Your assignment: Please set down exactly the lines of the listing below from the line containing "Toxicological profiles - 1,4-dichlorobenzene" through the line containing "45L Clear Plastic", both lines included, leaving out all other lines.

Records supplied:
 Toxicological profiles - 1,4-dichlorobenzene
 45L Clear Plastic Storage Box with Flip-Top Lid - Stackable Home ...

...

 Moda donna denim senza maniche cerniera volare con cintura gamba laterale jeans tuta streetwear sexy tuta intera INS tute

Task response:
 Toxicological profiles - 1,4-dichlorobenzene
 45L Clear Plastic Storage Box with Flip-Top Lid - Stackable Home ...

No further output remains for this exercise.